Problem details >> Given the records underneath, please repeat exactly the lines from the line with "Dunkin donuts metal" through the line with "Louis, MO 63118", passing over any picture.
---------- The data ----------
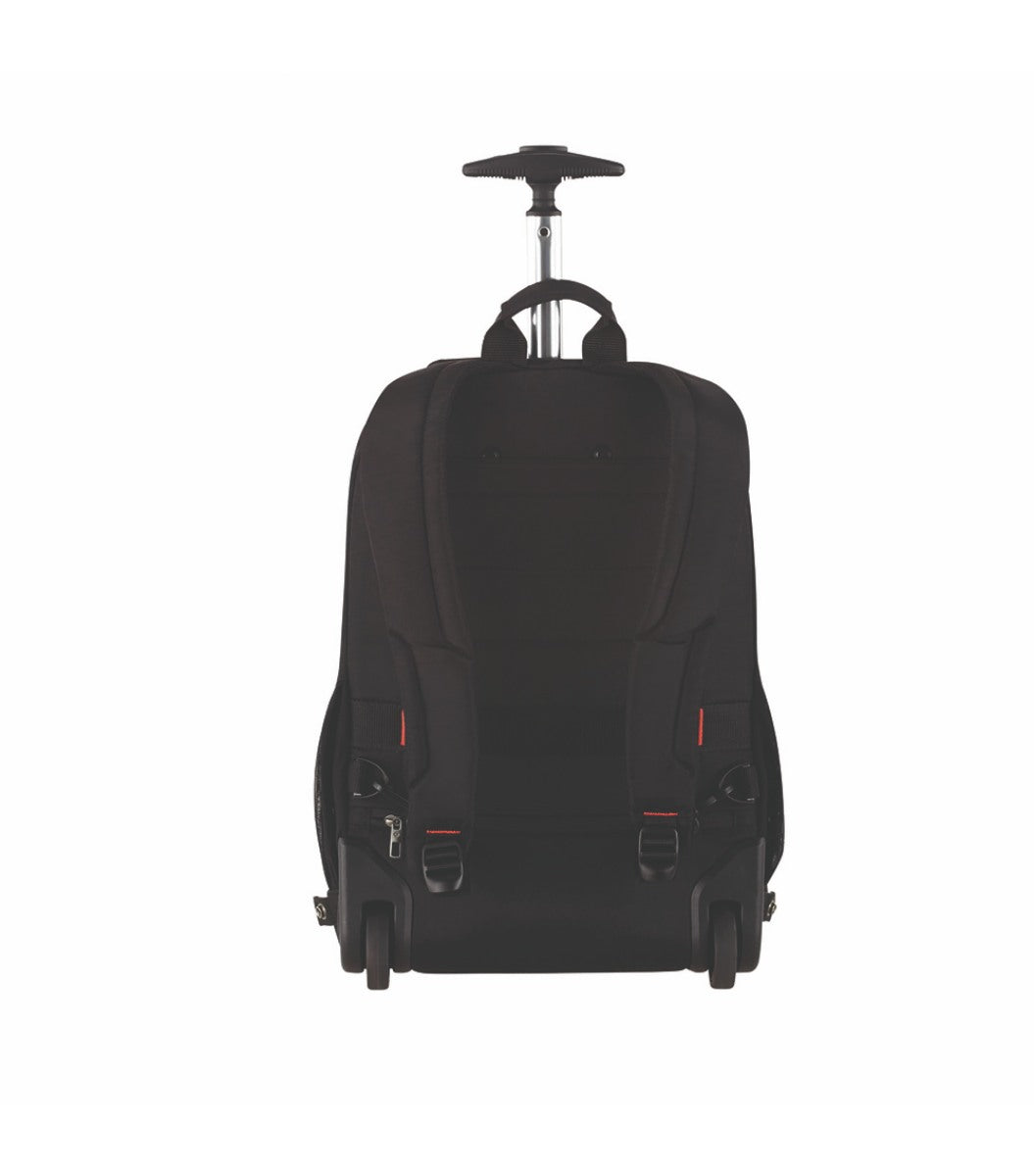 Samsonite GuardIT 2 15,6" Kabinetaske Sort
----------
---------- The data ----------
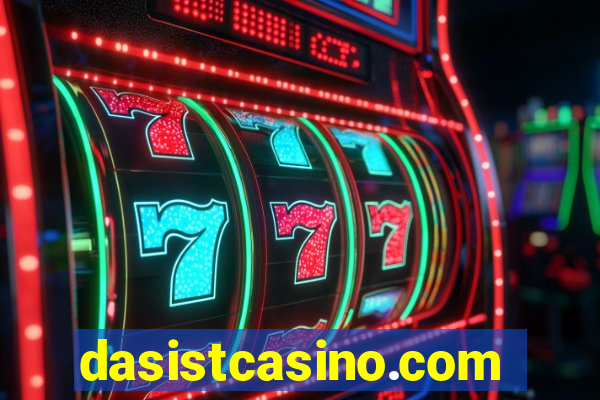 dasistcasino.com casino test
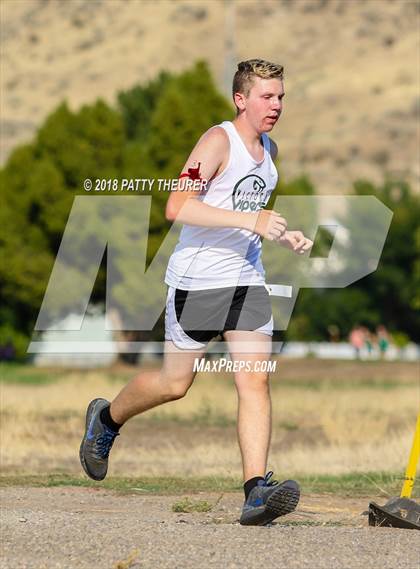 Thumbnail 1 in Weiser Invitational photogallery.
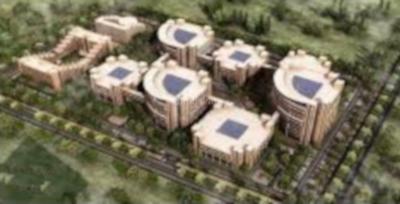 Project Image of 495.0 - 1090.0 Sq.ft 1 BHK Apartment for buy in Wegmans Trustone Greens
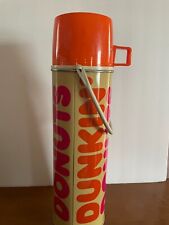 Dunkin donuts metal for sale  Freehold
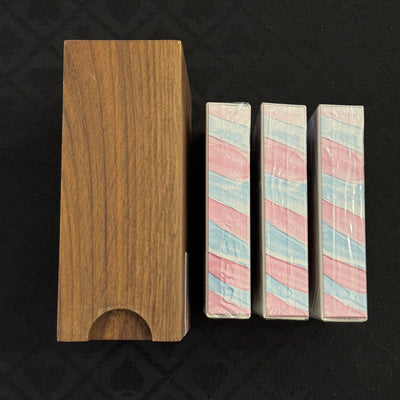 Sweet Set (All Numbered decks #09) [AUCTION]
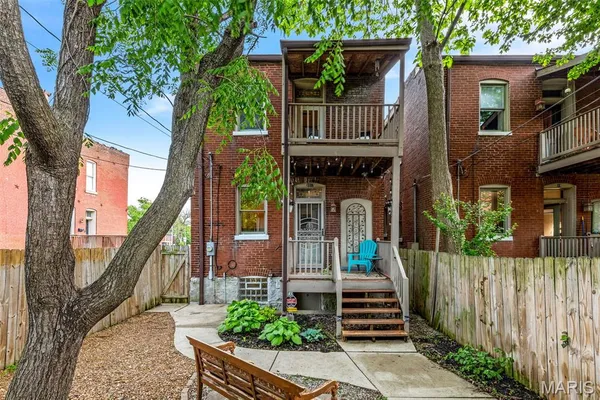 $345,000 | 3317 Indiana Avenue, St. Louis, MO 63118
----------
Exercise solution >>
 Dunkin donuts metal for sale  Freehold
 Sweet Set (All Numbered decks #09) [AUCTION]
 $345,000 | 3317 Indiana Avenue, St. Louis, MO 63118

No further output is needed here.